Since starting this Optionality work, I’ve had more than one person tell me I had to read Bullshit Jobs by David Graeber. Have you read it? Did you finish it? What did you think of it? Have you had a bullshit job?
Graeber defines “a form of paid employment that is so completely pointless, unnecessary, or pernicious that even the employee cannot justify its existence even though, as part of the conditions of employment, the employee feels obliged to pretend that this is not the case."
What kinds of jobs are BS, according to him?
Well, they range across the traditional corporate hierarchy, from receptionists to in-house lawyers. They include people hired to make customers feel good but not necessarily solve their problems, from store greeters to airline desk staff. Sometimes his judgment is sweeping. “Middle management” is BS, as are telemarketers, PR specialists, and in-house magazine journalists.
I find his dismissal of some work as bullshit to be lacking in empathy, not just for the workers but also for customers. For example, I have to think that Walmart has store greeters because some of their customers love that human connection. and because providing that human touch is a differentiator for them. Because having a differentiator leads to better business outcomes. Is the greeter necessary to stock or sell or distribute the goods? No. Does it mean that the human touch is bullshit? Also no, IMO.
I also think sometimes it’s not that entire jobs are BS. It’s that you have a job that makes sense and parts of it are fulfilling and meaningful, and parts of it are BS. How that job got that way and how we could fix it is often beyond our pay grade and certainly beyond our control. So sometimes, we just shake our heads. But do we really feel that way about our entire job very often? Even when I was a receptionist or an administrative assistant or a middle manager, I didn’t necessarily feel the act of welcoming, organizing, and triaging for my bosses was BS start to finish.

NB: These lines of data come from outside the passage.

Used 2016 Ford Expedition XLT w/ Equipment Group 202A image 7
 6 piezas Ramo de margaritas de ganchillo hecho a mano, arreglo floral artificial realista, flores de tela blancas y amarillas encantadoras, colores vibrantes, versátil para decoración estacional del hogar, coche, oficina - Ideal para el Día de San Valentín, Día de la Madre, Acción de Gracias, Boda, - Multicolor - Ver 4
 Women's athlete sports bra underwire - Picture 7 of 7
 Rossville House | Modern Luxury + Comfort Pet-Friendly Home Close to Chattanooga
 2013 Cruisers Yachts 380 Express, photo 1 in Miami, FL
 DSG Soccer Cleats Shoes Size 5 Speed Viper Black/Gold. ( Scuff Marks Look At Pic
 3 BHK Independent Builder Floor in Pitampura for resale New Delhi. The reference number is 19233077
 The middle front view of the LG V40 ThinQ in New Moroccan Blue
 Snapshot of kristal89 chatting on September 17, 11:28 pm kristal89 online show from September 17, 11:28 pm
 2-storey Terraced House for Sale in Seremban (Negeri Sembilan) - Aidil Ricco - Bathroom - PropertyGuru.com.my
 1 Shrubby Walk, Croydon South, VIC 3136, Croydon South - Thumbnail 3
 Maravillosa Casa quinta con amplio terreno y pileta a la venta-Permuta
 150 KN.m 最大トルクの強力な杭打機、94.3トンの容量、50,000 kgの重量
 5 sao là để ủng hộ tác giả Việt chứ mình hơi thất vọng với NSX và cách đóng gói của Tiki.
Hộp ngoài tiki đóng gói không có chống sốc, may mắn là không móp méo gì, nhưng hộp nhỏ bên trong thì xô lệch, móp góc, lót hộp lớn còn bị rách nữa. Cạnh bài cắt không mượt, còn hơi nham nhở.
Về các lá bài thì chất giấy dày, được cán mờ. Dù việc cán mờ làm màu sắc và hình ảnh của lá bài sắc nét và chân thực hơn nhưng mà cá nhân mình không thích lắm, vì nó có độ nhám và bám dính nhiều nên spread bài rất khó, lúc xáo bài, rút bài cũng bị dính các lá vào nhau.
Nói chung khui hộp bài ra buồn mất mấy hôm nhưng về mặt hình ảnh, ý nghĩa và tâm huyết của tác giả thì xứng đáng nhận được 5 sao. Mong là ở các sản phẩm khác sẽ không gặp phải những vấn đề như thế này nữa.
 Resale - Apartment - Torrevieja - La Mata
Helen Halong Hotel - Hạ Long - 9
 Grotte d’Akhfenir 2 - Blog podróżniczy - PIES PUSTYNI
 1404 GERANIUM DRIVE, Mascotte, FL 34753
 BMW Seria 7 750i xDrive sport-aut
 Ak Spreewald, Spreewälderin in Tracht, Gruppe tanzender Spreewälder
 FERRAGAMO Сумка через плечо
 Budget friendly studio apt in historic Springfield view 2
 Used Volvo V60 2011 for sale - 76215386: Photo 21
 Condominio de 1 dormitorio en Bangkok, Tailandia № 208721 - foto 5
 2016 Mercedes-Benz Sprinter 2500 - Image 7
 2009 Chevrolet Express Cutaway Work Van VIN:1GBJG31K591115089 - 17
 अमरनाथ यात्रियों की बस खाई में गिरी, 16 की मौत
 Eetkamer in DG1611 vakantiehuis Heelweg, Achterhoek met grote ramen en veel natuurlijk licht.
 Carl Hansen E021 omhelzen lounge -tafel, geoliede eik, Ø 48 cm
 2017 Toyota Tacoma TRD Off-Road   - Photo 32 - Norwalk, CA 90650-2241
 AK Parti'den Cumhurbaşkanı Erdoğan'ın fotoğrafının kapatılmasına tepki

Since he leans heavily on establishing a lot of work as BS to kick off his book, I’ve felt stymied in making progress reading it, but I’ve read enough about his work to know that I find some of his points deeply resonant.
Like: There’s this powerful dichotomy in this country…we valorize work (and suffering for our work) as a surrogate for our worth as a human, but then we treat workers with a sort of casual fatalism. I wonder how many people would be all that upset to be laid off from their jobs if they knew they would still have healthcare and their kids would be able to go to college? And: He offers universal basic income and flexible work that aligns with real work to be done as solutions that could allow us to be productive when called for and creative, even generative, at other times.
How can we support ourselves in that scenario? And who pays for it?
It’s a missing piece I wish more AI evangelists would explicitly address. When evangelists talk about AI taking on certain tasks and how that will free us up to all be more creative, they don’t always acknowledge that there might not be enough well-paying creative jobs to make that a reality for enough people in a society where your job provides the capacity to support your life (and to consume the goods our economy is based on).
Politicians across party lines are fond of referring to jobs as a necessity for people to have dignity. But dignity seems like a luxury if you’re not able to provide for your most basic needs. And once you get past the basics, how dignified is it to feel your job is BS?
We’re at an inflection point right now. Automation, globalization, AI-ification. If Bullshit jobs aren’t the answer, what is? And are we prepared to significantly reform how our economy works in order to allow people to do meaningful work, pursue creative endeavors, give appropriate care to loved ones, and even to rest sometimes?
I guess I end where I began; Are you familiar with this theory of “Bullshit Jobs?” Have you had one? And if you buy the premise, what could we do about it?
Love youe questions. I have not read the book. I think jobs are called jobs not hobbies because they essentially provide means to live our lives. Having just retired from being a workaholic for 30 years, I still work hars but not for money which is liberating - but had to cover life costs first. There is something to be learned from every job, but the bullshit part is being mistreated. Hope the book focuses too on the human bullshit that many people bring to otherwise respectable work.
Elisa, If you are in this deep, keep reading. My thoughts: Every job at every level offers opportunity to learn skills we may find useful in our kaleidoscope careers. I spent a summer working in a factory, using an ink dip pen with an ink that could withstand high temperatures marking small metal casings that would house electronics sent into space in airplanes and spacecraft. Does that sound like anything I do now? No. But I learned about the people around me doing assembly line jobs and how they found camaraderie, and their opportunities to learn about the products and potential promotions. I learned how they supported their families. I saw the dignity in work that I would never have seen in white collar jobs or newsrooms. Around me were immigrants from many countries, an array of races and religions with a variety of talents and interests and responsibilities on the line and at home. I could have looked at it as a B-S job–just a few months of summer work. But my father, a senior manager there, taught me otherwise. He stoked my curiosity even when I was bored with the task by asking about quality control (QC), what I had learned and who I met. Later as a journalist, I understood more about factory labor, unions vs. non-unions, raising families on minimum wages, single parents, and the new immigrant experience than my peers who coasted from college to newsrooms. Every opportunity to learn is valuable for the individual who does it with an open mind.